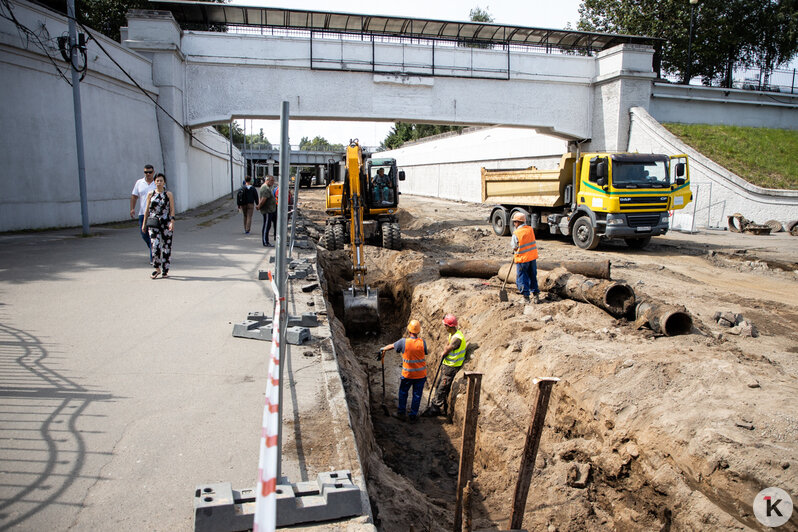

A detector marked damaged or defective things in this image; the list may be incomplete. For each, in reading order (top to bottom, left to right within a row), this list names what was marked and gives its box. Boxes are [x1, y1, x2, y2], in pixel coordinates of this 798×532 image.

rusty pipe [444, 260, 612, 280]
rusty pipe [544, 268, 636, 318]
rusty pipe [636, 302, 692, 334]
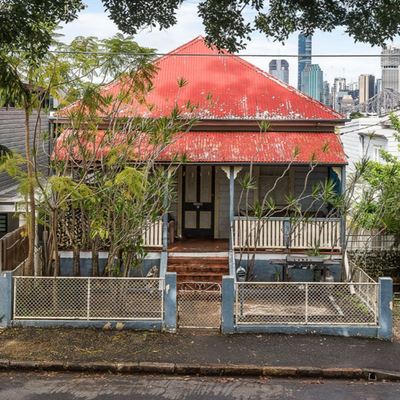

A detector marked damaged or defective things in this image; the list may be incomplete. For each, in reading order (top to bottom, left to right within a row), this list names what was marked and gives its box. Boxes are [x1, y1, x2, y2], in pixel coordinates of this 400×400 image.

rusty roof sheet [59, 37, 344, 122]
rusty roof sheet [55, 130, 346, 164]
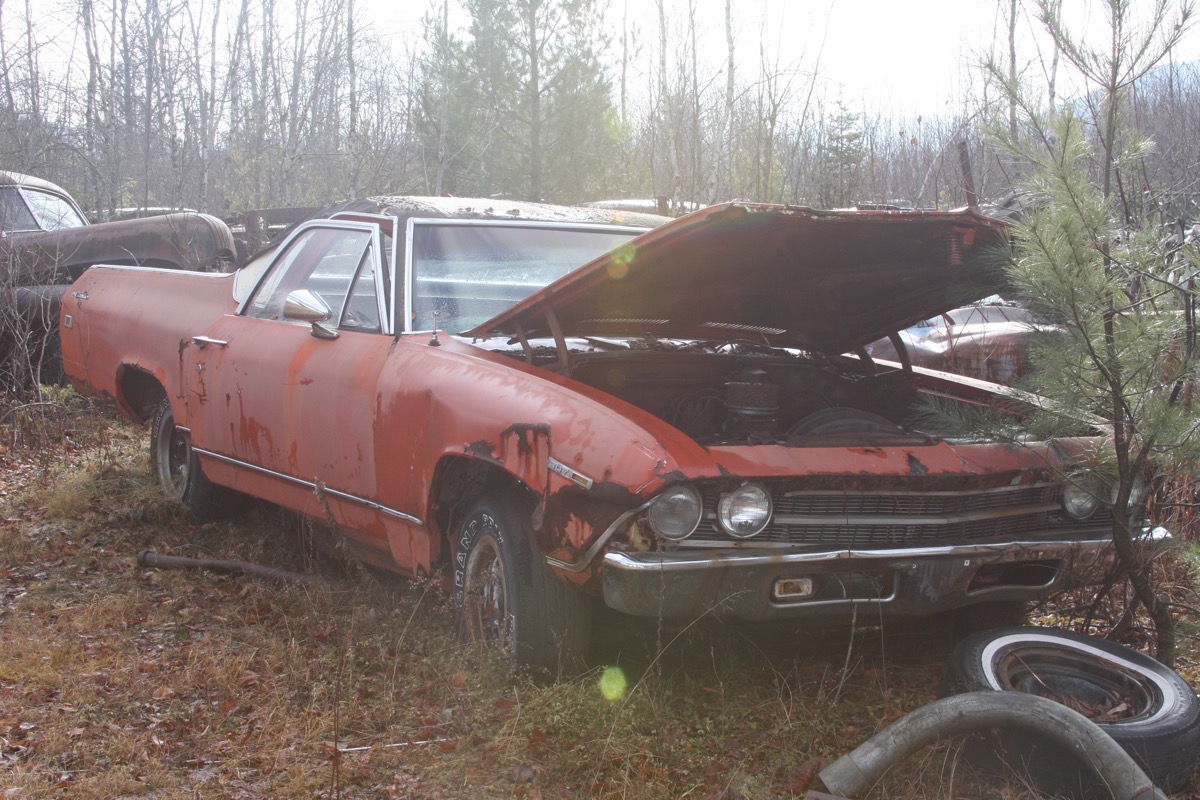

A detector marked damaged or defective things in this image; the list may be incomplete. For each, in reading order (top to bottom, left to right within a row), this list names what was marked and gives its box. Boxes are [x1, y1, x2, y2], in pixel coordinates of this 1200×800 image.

·····

The images are to be left out; every line above should be set down exactly.

A detector marked damaged or defective things in this image; the list may be incomplete. For each, in reading order (top to bottom, left to right within a row), this list names what was marked and gives its box. Boxes are [x1, y1, x2, y2], in pixel coordinates of this 798×532 image.

rusty pipe [444, 260, 612, 280]
rusty pipe [544, 268, 636, 318]
rusty pipe [636, 302, 692, 334]

A detector marked damaged or defective things in this image; the list may be incomplete. For each, in reading order (top to bottom, left to right within a row), this list names what was marked and gives its box. Boxes are [x1, y1, x2, y2], in pixel coordinates of this 400×400 image.

rusty roof sheet [59, 37, 344, 122]
rusty roof sheet [55, 130, 346, 164]

A detector marked damaged or defective things in this image; the list may be incomplete. For each, in reading order (top to bottom, left to right within a row), this list names what was marked and gives its box. Boxes are [x1, y1, x2, y2], in pixel coordinates of this 1200×800 image.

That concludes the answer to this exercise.